Final answer:
To prove the statement x + y ≥ √xy, we can use a direct proof by assuming that x and y are positive real numbers. By expanding and simplifying, we can show that (x + y)² - 4xy simplifies to (x - y)² ≥ 0. Adding 4xy to both sides, we can then deduce that (x + y)² ≥ 4xy. By taking the square root and simplifying, we can conclude that x + y ≥ √xy.
Step-by-step explanation:
To prove the statement x + y ≥ √xy for any positive real numbers x and y, we can use a direct proof.

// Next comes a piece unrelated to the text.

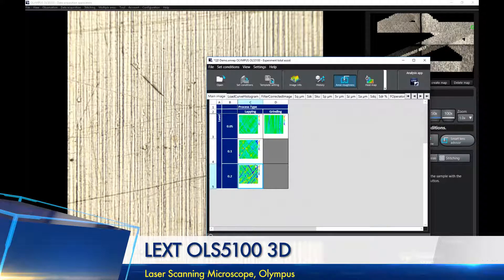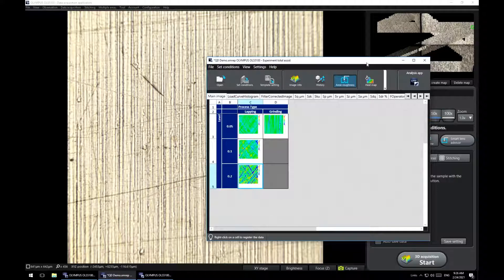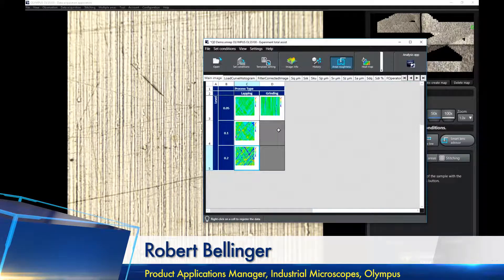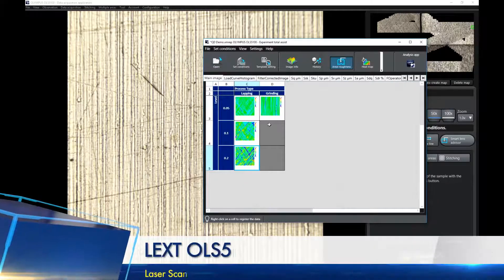Say you're creating an experiment with four different types of samples and different coatings, tracking a measurement of width or step height on each sample over time — you'd have to manually calculate everything afterwards. Now with this tool, I've set up a simple experiment with two process types — lapping and grinding — at different polishing levels. I've already done four different locations, and continuing is as simple as clicking into the information you still have left to do.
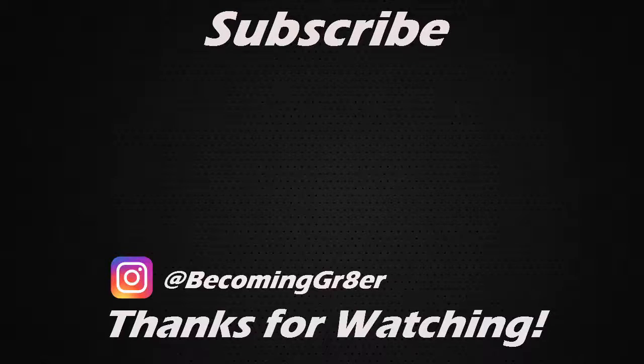All right guys, I hope you enjoyed that video. Make sure you give it a thumbs up and stay tuned for the upcoming videos. Leave any comments below and make sure you subscribe if you haven't. All right, stay tuned for next time — I'll see you next time.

- Assume that x and y are positive real numbers.
- Consider the expression (x + y)² - 4xy. Expand and simplify it to obtain (x - y)² ≥ 0.
- Since (x - y)² ≥ 0, this implies that x² - 2xy + y² ≥ 0.
- Adding 4xy to both sides of the inequality gives x² + 2xy + y² ≥ 4xy.
- Factoring the left side gives (x + y)² ≥ 4xy.
- Taking the square root of both sides, we have x + y ≥ √(4xy).
- Simplifying further, we get x + y ≥ 2√xy.
- Since √(4xy) = 2√xy, we can conclude that x + y ≥ √xy.
Therefore, we have proved that for any positive real numbers x and y, x + y ≥ √xy using a direct proof.